(WHAT TO PRODUCE):
Could you restate word for word only the lines below from the one holding "Aukcja sprzedaży 2017" to the one holding "Range Rover Sport", inclusive, and leave out the pictures?

(Dataset entries):

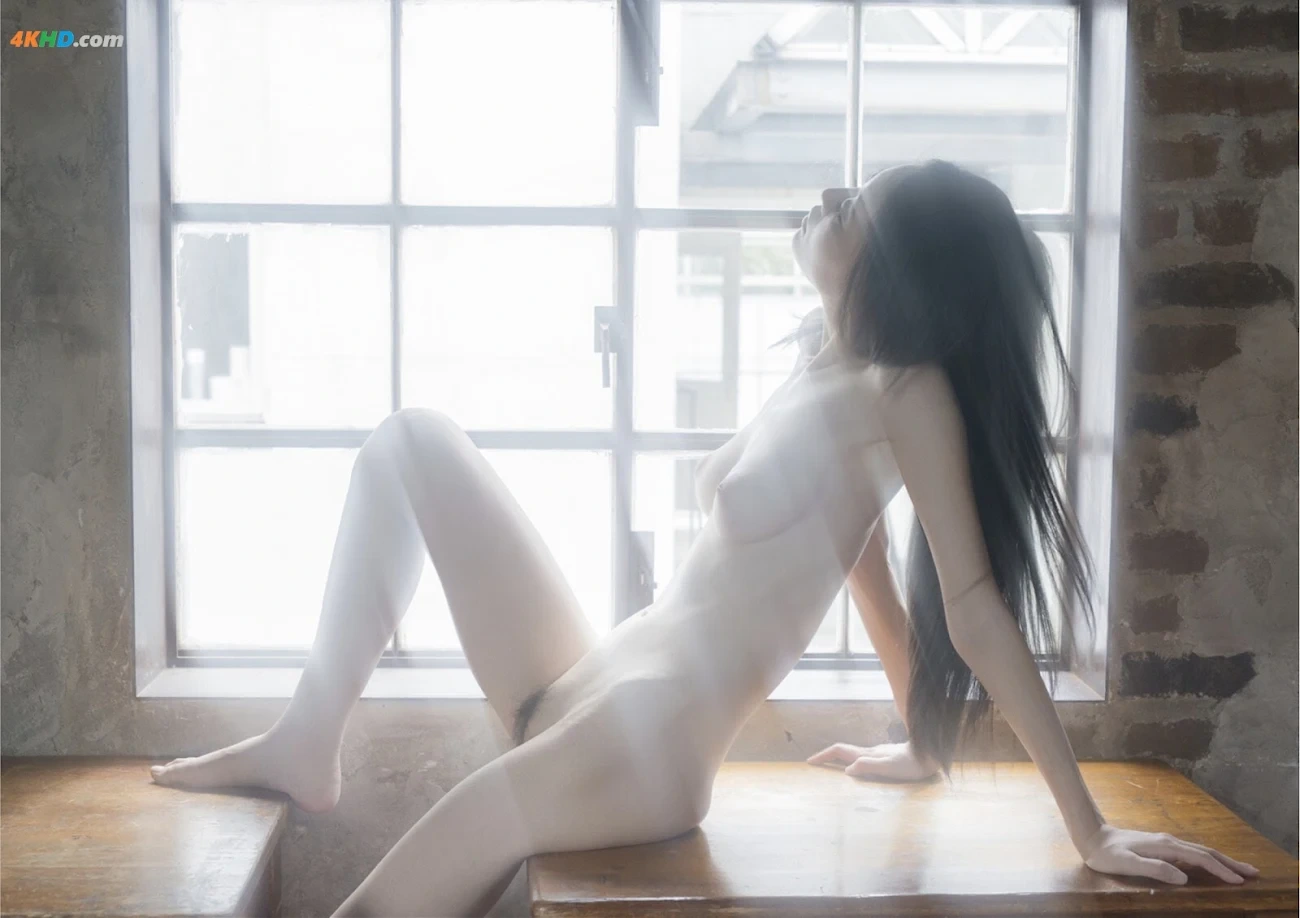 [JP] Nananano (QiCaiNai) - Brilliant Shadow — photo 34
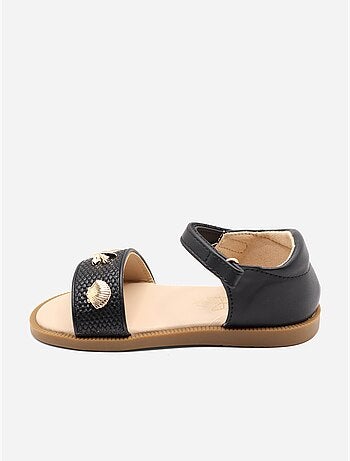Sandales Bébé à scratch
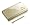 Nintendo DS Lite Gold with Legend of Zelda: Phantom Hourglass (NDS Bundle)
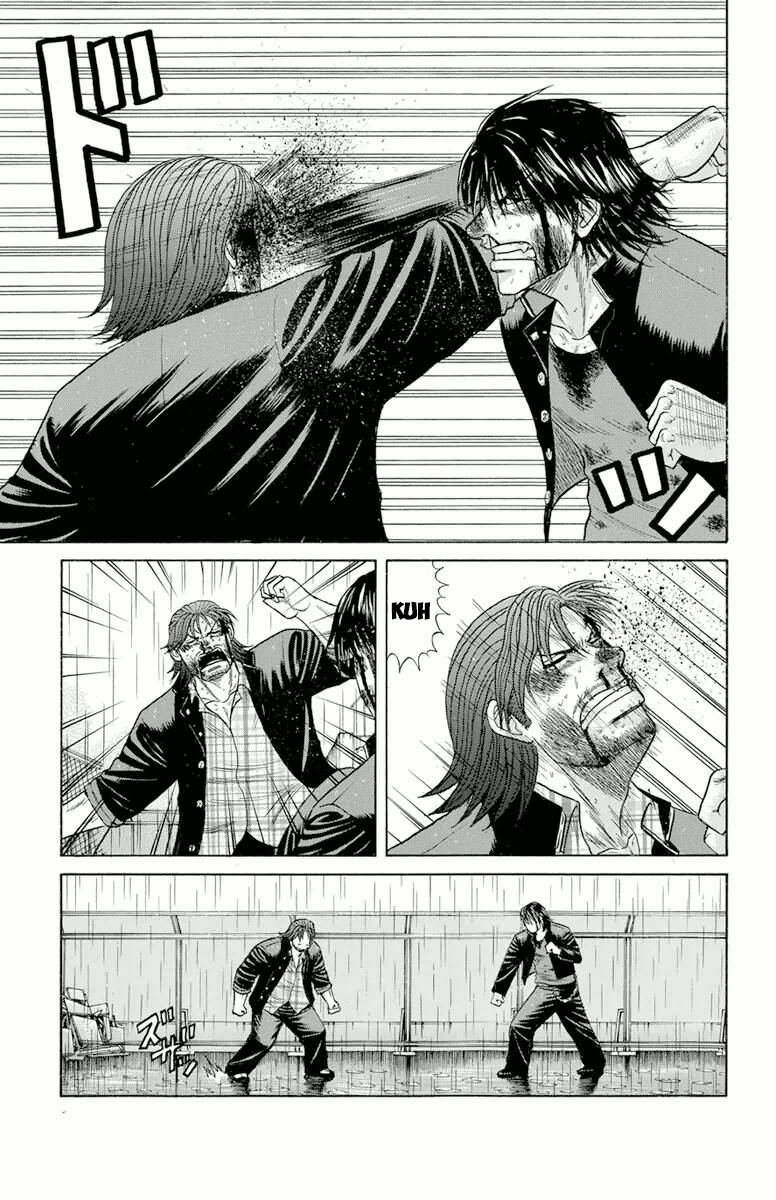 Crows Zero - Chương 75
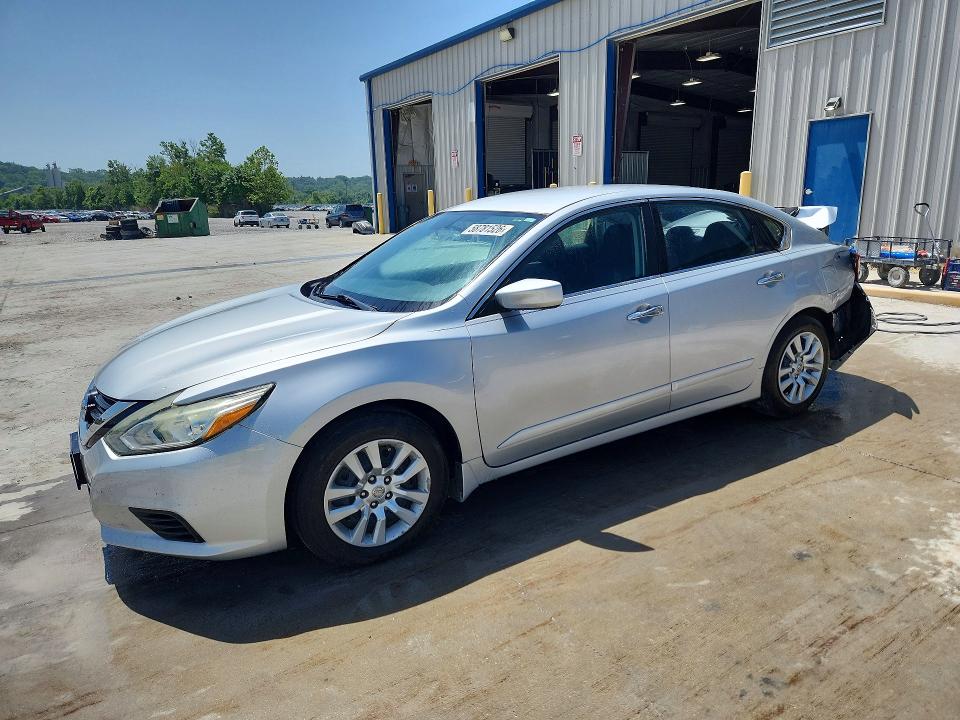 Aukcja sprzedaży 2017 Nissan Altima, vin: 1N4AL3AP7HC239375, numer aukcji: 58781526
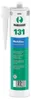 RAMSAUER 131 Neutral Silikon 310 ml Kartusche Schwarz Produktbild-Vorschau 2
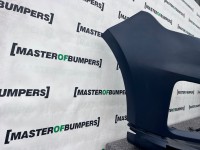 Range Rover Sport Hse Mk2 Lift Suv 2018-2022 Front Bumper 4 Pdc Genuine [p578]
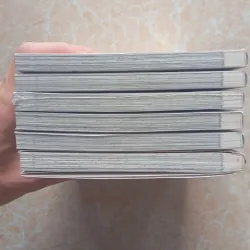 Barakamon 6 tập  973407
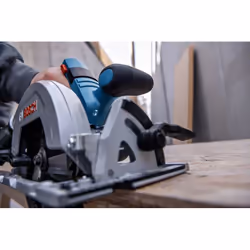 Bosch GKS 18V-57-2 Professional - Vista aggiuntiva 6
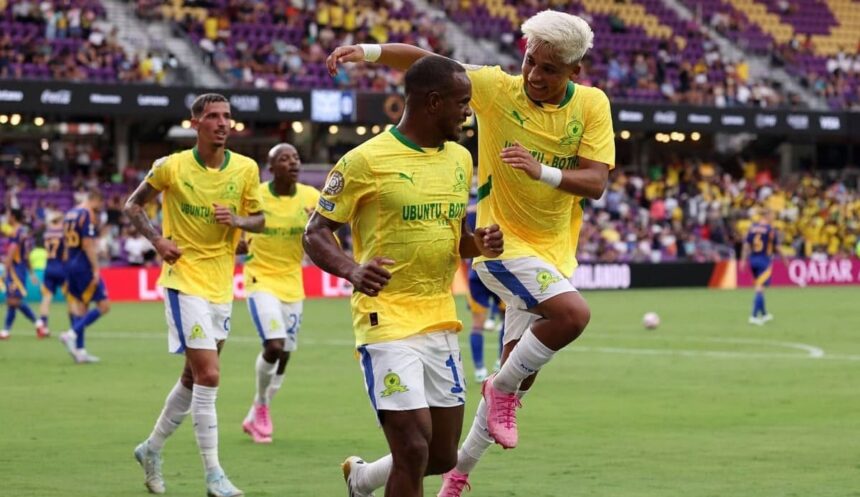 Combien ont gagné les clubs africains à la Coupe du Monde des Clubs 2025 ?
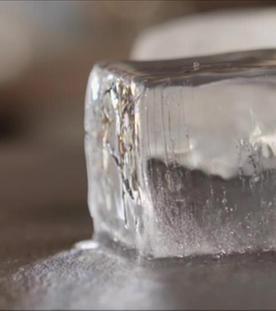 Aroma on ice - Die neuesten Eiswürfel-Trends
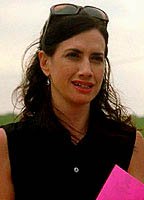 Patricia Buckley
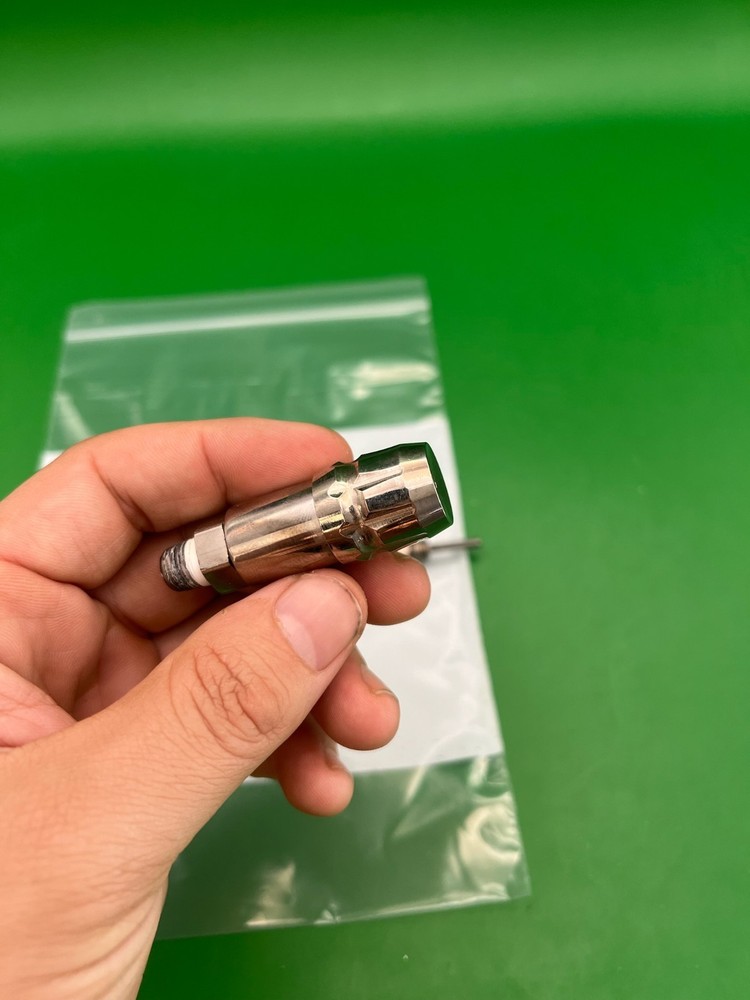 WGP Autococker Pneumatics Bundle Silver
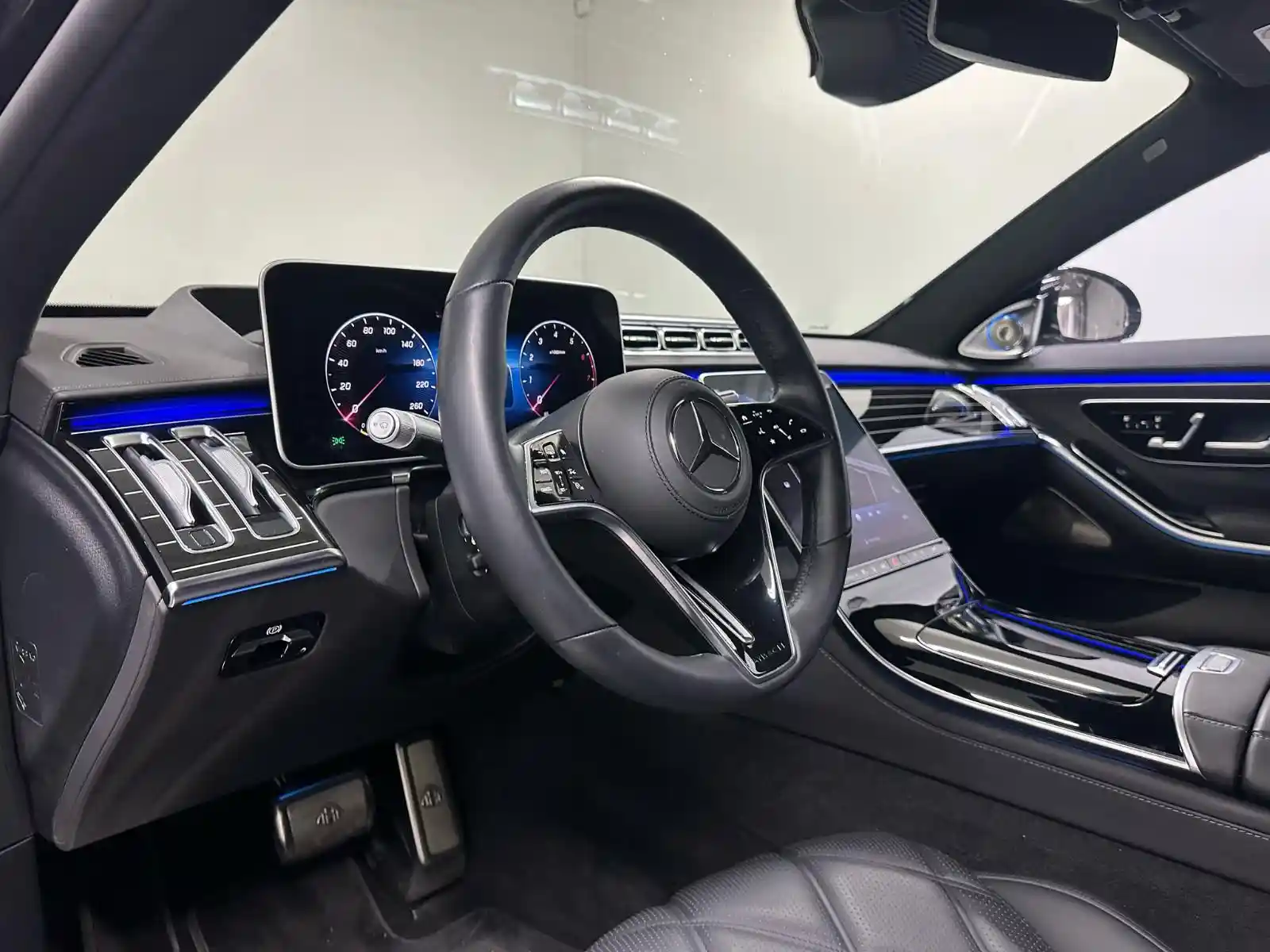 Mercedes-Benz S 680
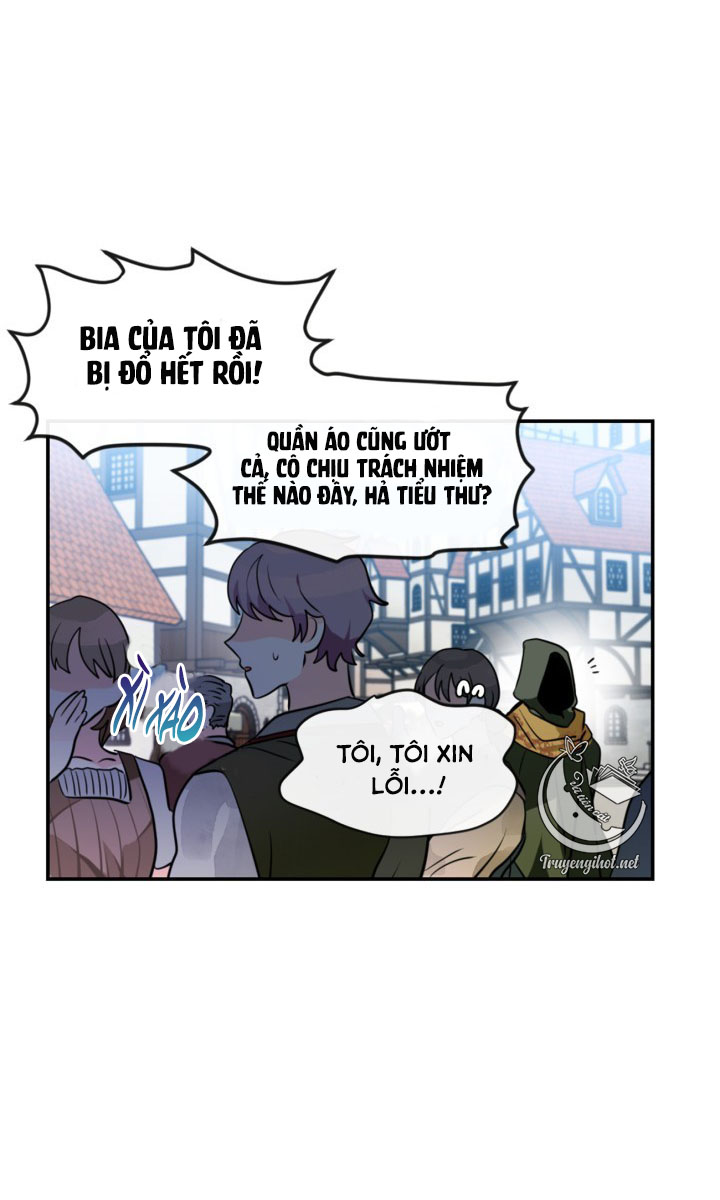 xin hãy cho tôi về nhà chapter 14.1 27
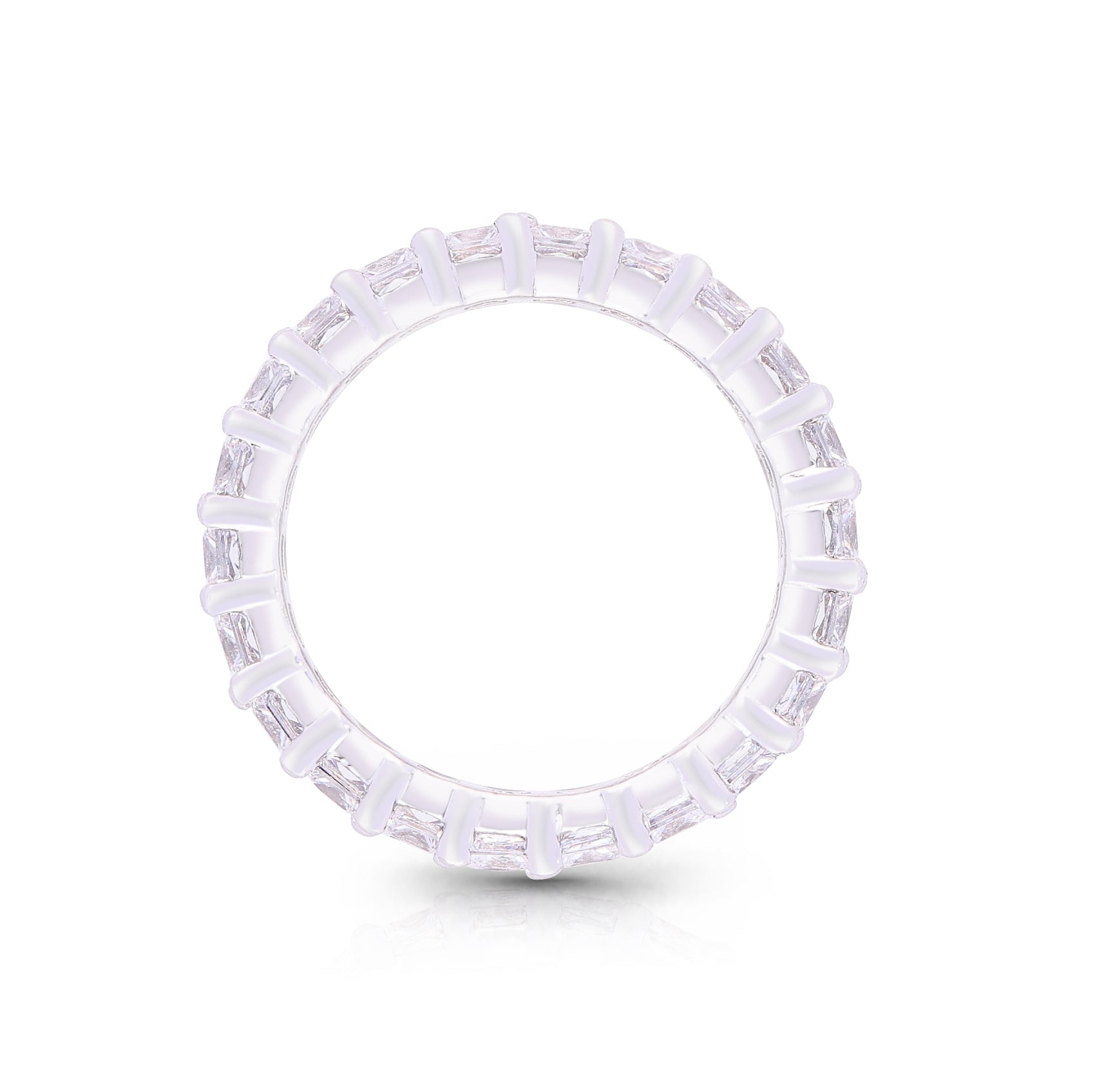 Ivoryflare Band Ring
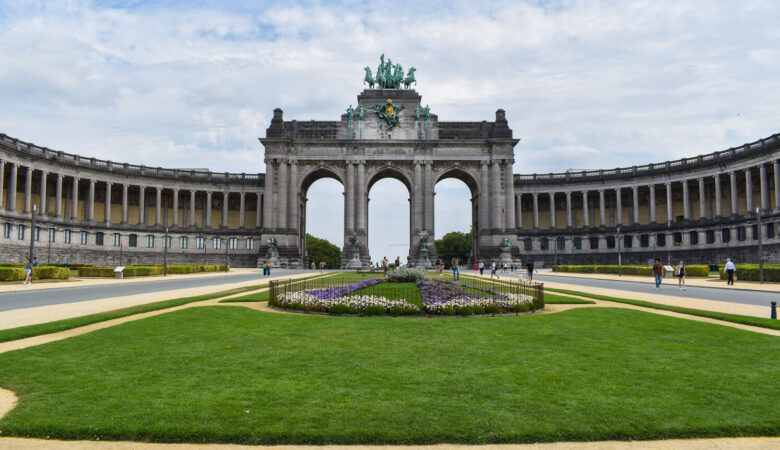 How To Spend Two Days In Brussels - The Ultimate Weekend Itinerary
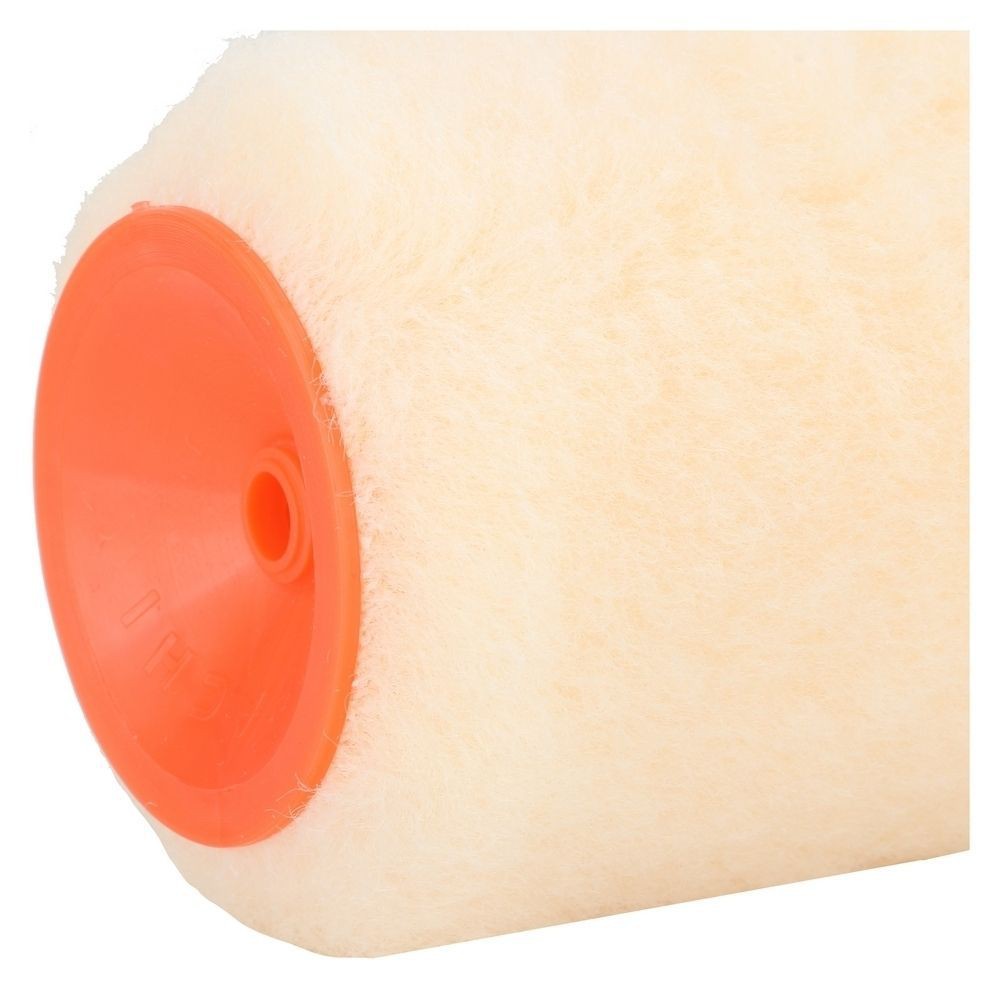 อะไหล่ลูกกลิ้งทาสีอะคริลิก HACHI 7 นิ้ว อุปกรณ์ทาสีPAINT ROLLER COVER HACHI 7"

(FINISHED EXERCISE):
 Aukcja sprzedaży 2017 Nissan Altima, vin: 1N4AL3AP7HC239375, numer aukcji: 58781526
 RAMSAUER 131 Neutral Silikon 310 ml Kartusche Schwarz Produktbild-Vorschau 2
 Range Rover Sport Hse Mk2 Lift Suv 2018-2022 Front Bumper 4 Pdc Genuine [p578]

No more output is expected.